One of those words which has a hint of magic for me.  It seems longer than it is, you can rhyme it with succulent (note the double c), and it has the mystery of its meaning not being easy to guess unless you already know it or have looked it up.

For the record, it means hostile, belligerent, aggressive or savage and it is derived from Latin.  I have always summed it up as ‘keen for a fight’.

His grandfather was a truculent sort, always disagreeing with the rest and ready to argue hard to impose his view.

truculent 2

 Lotte has a very truculent attitude towards her staff.  She doesn’t trust them, criticizes them openly and will treat them harshly if they disobey her.


Sometimes it can mean fierce.  Truculence is the noun form. Not a word to use every day but fun to drop into conversation and see what reactions you get.




Indisposed and ill-disposed

English loves to confuse its learners with words that seem to contradict logic.

If I am indisposed, it means I am sick, ill, off-colour.
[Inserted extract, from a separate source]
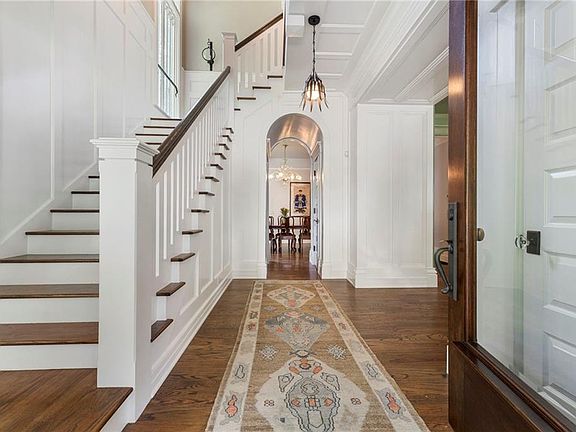 5th image of 2519 Forrest Way NE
I’ll probably be staying at home and possibly in bed. It is a formal and somewhat old-fashioned word used for effect or as a euphemism.


The boss is indisposed today. He had a heavy night with his golfing partners.

If you don’t want to do something or feel negative towards a person or a project, you can say you are ill-disposed. It has nothing to do with health.


Susan seems very ill-disposed to working with Marina.  Oh, didn’t you know? Marina is dating Sue’s ex.

The manager was ill-disposed towards Eric because he felt that Eric’s department was not producing enough results.